-4-
「アトリ、大丈夫~ぅ?」
ぼくたちの部署まで戻ると、ゆりかもめが飛びつかんばかりの勢いで心配顔を向けてくれた。
「うん、大丈夫だよ。ただの風邪だって。薬をもらって飲んできたから。……あっ、もちろん市販の薬だよ」
「は~、よかった~」
その安堵は、ただの風邪だったことに対してなのか、もらったのが市販の薬だったことに対してなのか。
「ま、大丈夫だとは思ってたけど、よかったな」
セキレイはそう言ってぼくの肩をポンポンと叩く。
軽く話しかけているけど、医務室に行っているあいだ、ぼくの担当場所の確認も受け持ってくれていたはずのセキレイ。
そんな様子をまったく見せないし、ましてや恩に着せようとする素振りなど微塵もない。
ゆりかもめもセキレイも、やっぱり最高の同僚たちだと言えるだろう。
「でも、無理は禁物よ? 悪化するようなら、すぐに帰って休んでいいんだからね?」
「そうだね。体調が悪い状態で無理なんかして、重要な情報を見逃したり、普段なら起こさないミスを犯したり、といったことがあっても困るからね」
ヒバリさんと雷鳥さんからも心配の言葉をかけられた。
ふたりとも、休憩から戻ってきていたようだ。
雷鳥さんの言葉はちょっと厳しい内容ではあったけど、ぼくのことを気遣ってくれているのは、その優しげな瞳からしっかりと伝わってきた。
「はい」
ぼくは素直に答える。
「あっ、そうだ、ヒバリさん」
伝える必要があるのかどうか判断に迷うところだけど、一応テルリンから受け取った言葉を伝えることにした。

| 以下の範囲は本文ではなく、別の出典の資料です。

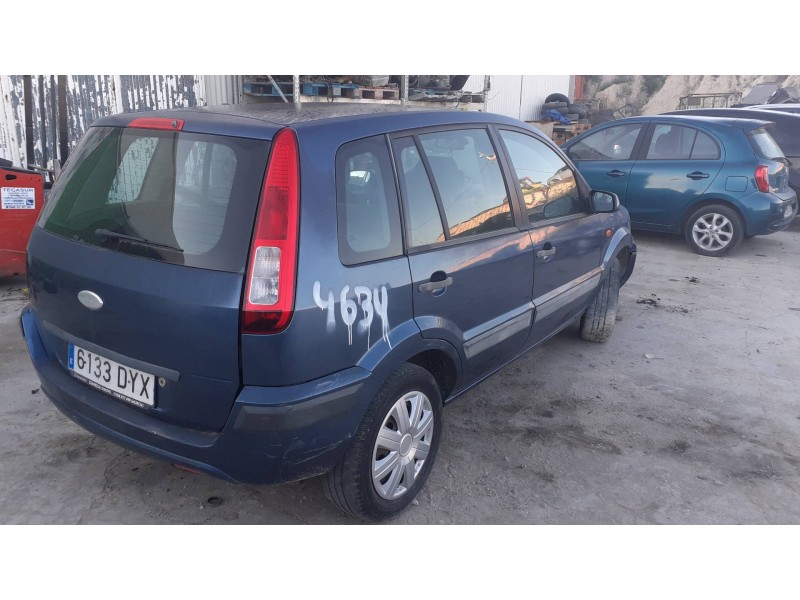 ford fusion (cbk) del año 2006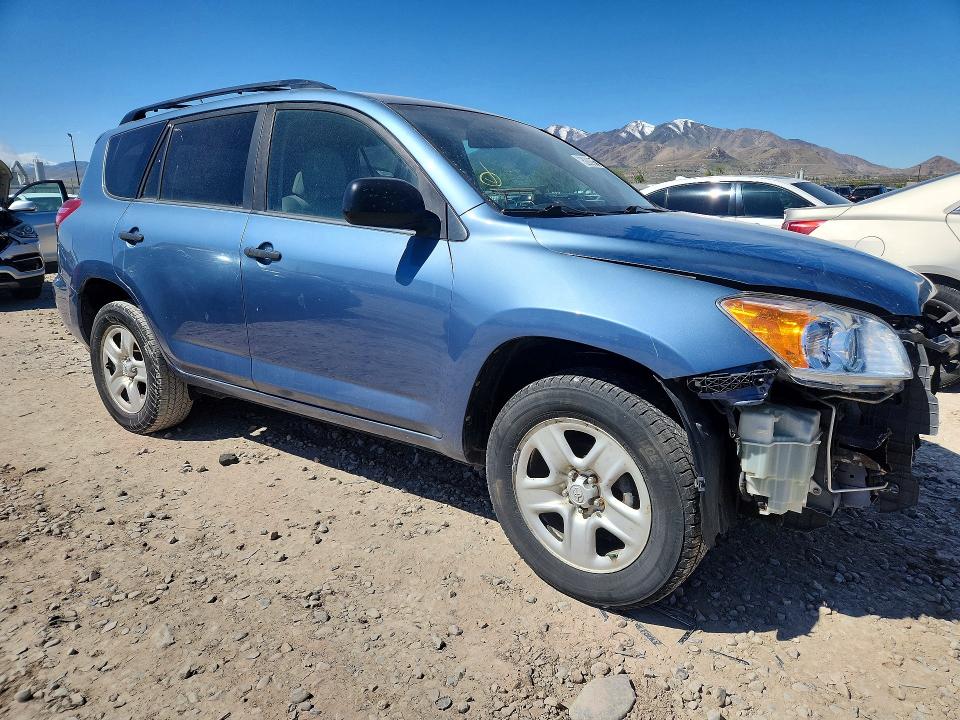 Продаж на аукціоні авто 2011 Toyota Rav4, vin: 2T3BF4DV0BW130508, номер лоту: 52029576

「テルリンが、今度思いっきり抱きつかせてもらうから、覚悟しておくように、だそうです」
「……あ、あの人は、まったく……」
ぼくの伝言を聞いて、ヒバリさんはこめかみをピクピクさせながら頭を抱えていた。
「あははは~! ヒバリさん、テルリンに超絶気に入られちゃってますもんね~♪」
面白い話題を得たとでも言わんばかりの明るい声で、ゆりかもめが茶々を入れる。
だけど、
「あっ、ゆりかもめにも伝言。体調が悪くなくても、いつでも医務室に来てくれていいぞ、念入りに可愛がってやるからな、だってさ」
「ぎゃう~! 超絶危険を感じる~! 絶対お断りだよ~ぅ!」
ぼくの伝言パート2によって、叫び声を上げることになるのだった。
☆☆☆☆☆
業務時間中はどうにか我慢していたのだけど、結局ぼくは体調がよくならず、残業なしですぐに帰らせてもらうことになった。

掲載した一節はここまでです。